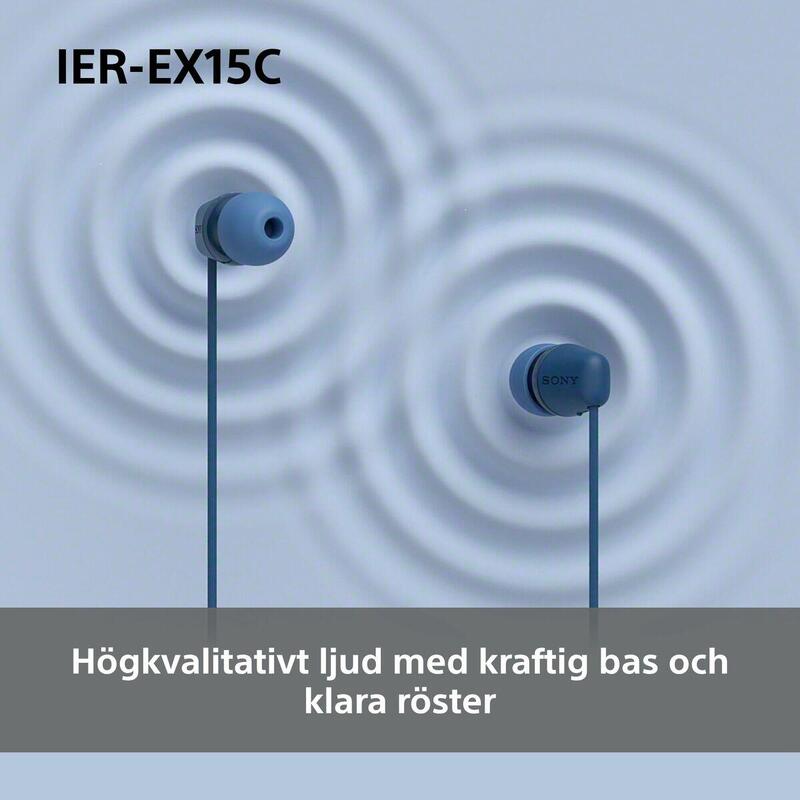 Căști SONY IEREX15CL Albastru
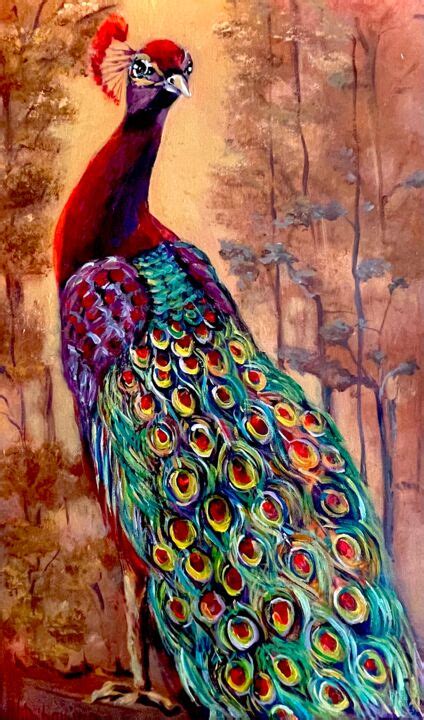 Peacock Acrylic Paintings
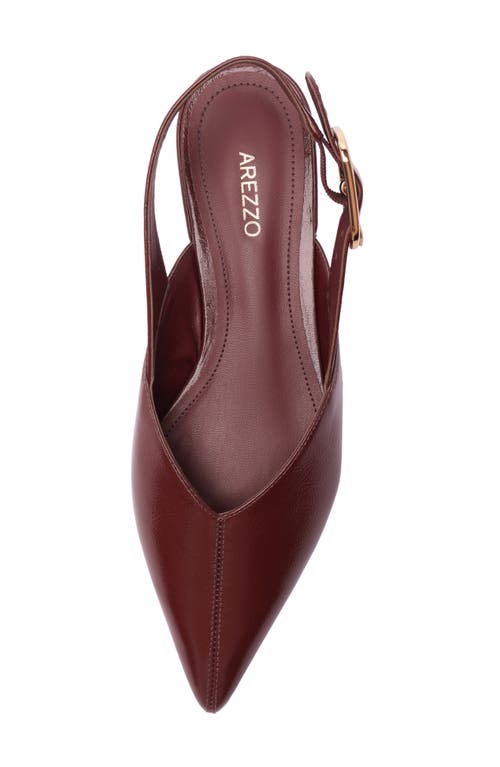Arezzo Fallon Pointed Toe Slingback Flat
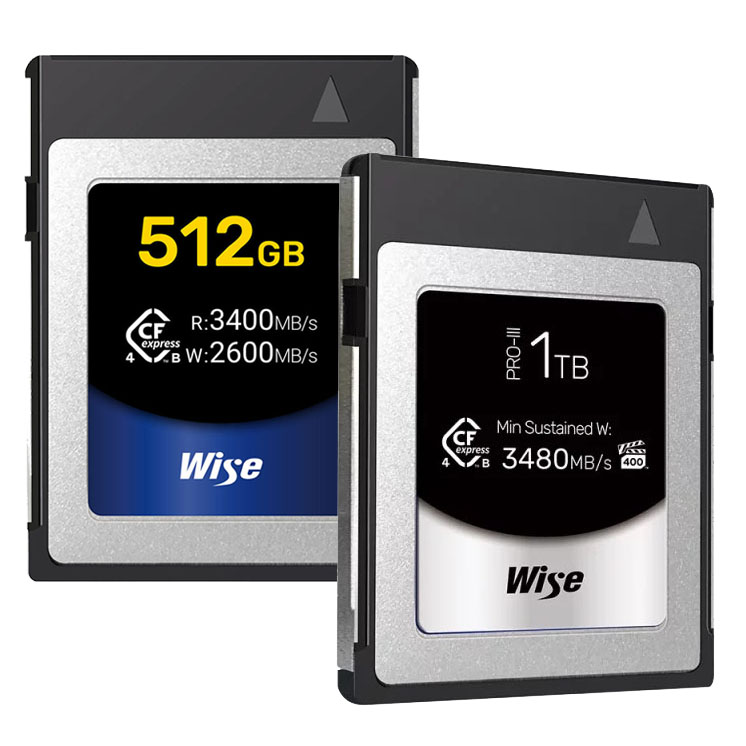 Thẻ nhớ Wise 512GB / 1TB / PRO Mk-III 1TB CFexpress 4.0 Type B - CFX4-B512 / CFX4-B1024 / CFX4-B1024PM3 | Chính hãng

◇ ◇ ◇ ◇

• **What to work on**: From the first line of the material to the last, retype everything exactly except the images.

• **Solution**:
 Căști SONY IEREX15CL Albastru
 Peacock Acrylic Paintings
Arezzo Fallon Pointed Toe Slingback Flat
 Thẻ nhớ Wise 512GB / 1TB / PRO Mk-III 1TB CFexpress 4.0 Type B - CFX4-B512 / CFX4-B1024 / CFX4-B1024PM3 | Chính hãng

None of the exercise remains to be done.